Le Bénin franchit le seuil des 4 000 milliards de FCFA pour son budget 2026
Le gouvernement béninois a validé un collectif budgétaire record pour l’exercice 2026. Portée par la vision du nouveau chef de l’État, Romuald Wadagni, cette réorientation majeure des finances publiques montre que le pays, en pleine transformation, place le développement humain au centre de ses priorités économiques et ne cesse d’étonner les analystes et les partenaires internationaux.
Un signal fort en faveur du social
Le Bénin est indéniablement un pays en mouvement, là où on ne l’attend pas toujours, mais toujours là où l’audace est de mise. En adoptant un budget rectificatif qui porte les dépenses de l’État au-delà de la barre symbolique de 4 000 milliards de FCFA, l’exécutif pose un acte déterminant. Cette progression notable de 8 % par rapport aux prévisions initiales n’est pas un simple ajustement comptable : elle traduit financièrement les toutes premières grandes orientations du nouveau président, Romuald Wadagni.
L’« Effet Wadagni » : priorité à l’impact social
Ancien ministre des Finances reconnu pour sa rigueur et sa maîtrise des mécanismes financiers internationaux, le président Wadagni a rapidement imprimé sa marque. Ce collectif budgétaire signale une transition rapide vers une économie plus solidaire et inclusive.
En franchissant ce cap historique, le Bénin envoie un message clair à ses partenaires et investisseurs : la performance macroéconomique doit se traduire par un bien-être social concret. Les nouvelles orientations budgétaires accordent une place prépondérante aux secteurs sociaux de base, longtemps considérés comme prioritaires mais désormais dotés de moyens inédits pour réaliser un bond qualitatif.
Investissements massifs dans la santé, l’éducation et l’agriculture
L’ampleur de la rallonge budgétaire s’articule autour d’investissements stratégiques majeurs destinés à transformer le quotidien des Béninois :
- Un milliard pour l’accès systématique aux soins : Une enveloppe historique est mobilisée pour garantir l’accès à la santé.
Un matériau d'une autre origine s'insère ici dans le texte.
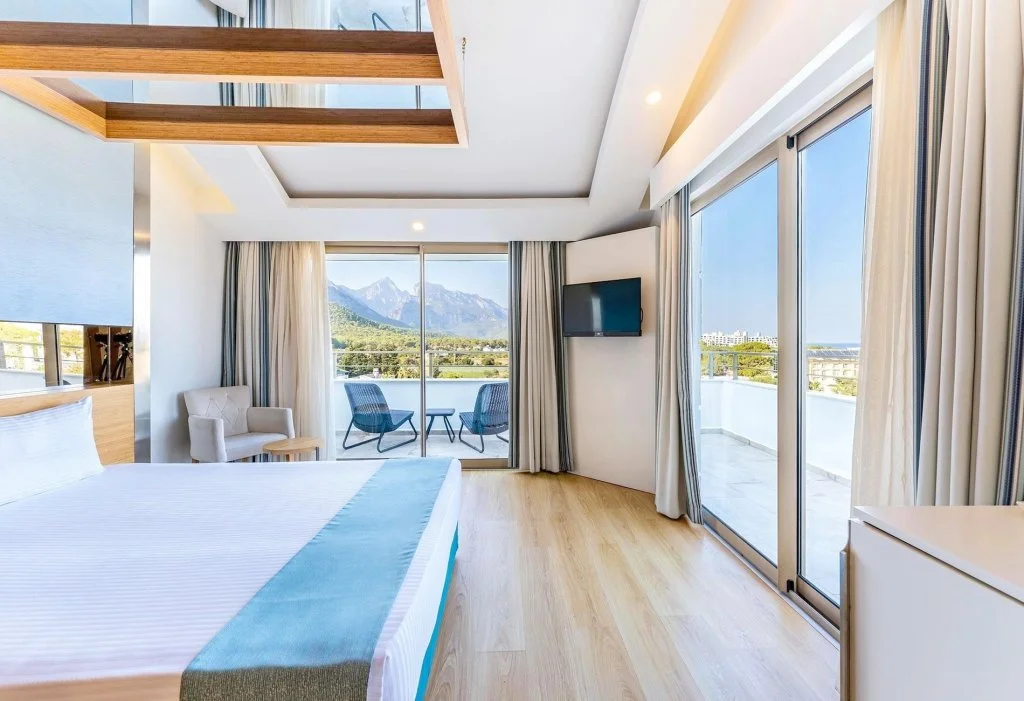Dosinia Luxury Resort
Cet investissement massif vise à généraliser l’offre de soins de qualité sur l’ensemble du territoire, renforçant la couverture sanitaire universelle afin qu’aucun citoyen ne soit laissé pour compte.
- Gratuité de l’école pour les filles : Mesure phare en faveur de l’égalité des chances et du capital humain, le gouvernement concrétise l’ambition d’une éducation pour tous. Supprimer les barrières financières pour l’éducation des filles constitue un levier d’émancipation et un investissement d’avenir pour la nation.
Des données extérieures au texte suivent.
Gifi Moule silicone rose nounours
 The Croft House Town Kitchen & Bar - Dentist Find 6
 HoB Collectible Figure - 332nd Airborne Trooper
- Infrastructures et agriculture : La modernisation des infrastructures de transport et d’énergie se poursuit résolument pour désenclaver les régions, tandis que l’agriculture bénéficie d’un soutien accru. Ce duo vise à assurer la sécurité alimentaire tout en dynamisant les revenus des producteurs ruraux.
Le message est clair : le Bénin accélère le rythme, fort d’une gouvernance qui associe audace politique, investissements dans l’humain et maîtrise technique.
Une croissance de 7,5 % : le pari de la performance
La surprise ne réside pas seulement dans l’augmentation des dépenses et des investissements publics, mais dans la solidité des fondamentaux macroéconomiques. Malgré ce changement de cap en début de mandat présidentiel, le gouvernement maintient sa prévision de croissance économique à 7,5 % pour 2026.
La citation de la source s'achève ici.